## WHAT THE EXERCISE ASKS
Only one stretch of the listing below is wanted. Give it again exactly, from the line with "Ryanong Figurine anatomique" through the line with "EmilTheHotDog(@DogEmil) 's Twitter".

──────── RAW DATA

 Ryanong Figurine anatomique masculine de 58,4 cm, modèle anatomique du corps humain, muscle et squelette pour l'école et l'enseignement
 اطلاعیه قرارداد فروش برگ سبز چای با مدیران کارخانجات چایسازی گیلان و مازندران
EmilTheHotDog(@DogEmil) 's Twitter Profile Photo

────────────────
──────── RAW DATA

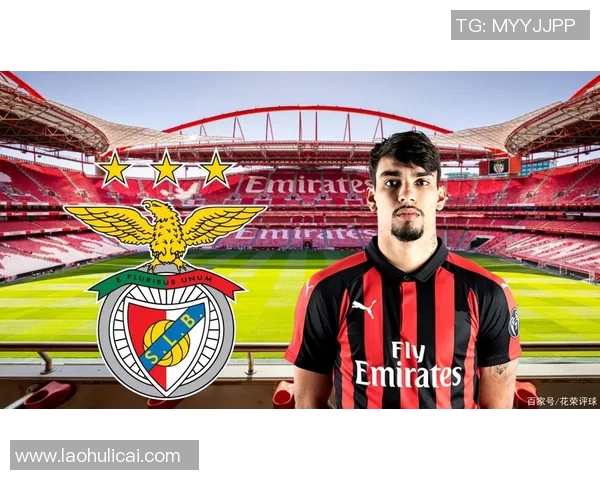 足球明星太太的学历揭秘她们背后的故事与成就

────────────────

## TASK OUTPUT
 Ryanong Figurine anatomique masculine de 58,4 cm, modèle anatomique du corps humain, muscle et squelette pour l'école et l'enseignement
 اطلاعیه قرارداد فروش برگ سبز چای با مدیران کارخانجات چایسازی گیلان و مازندران
EmilTheHotDog(@DogEmil) 's Twitter Profile Photo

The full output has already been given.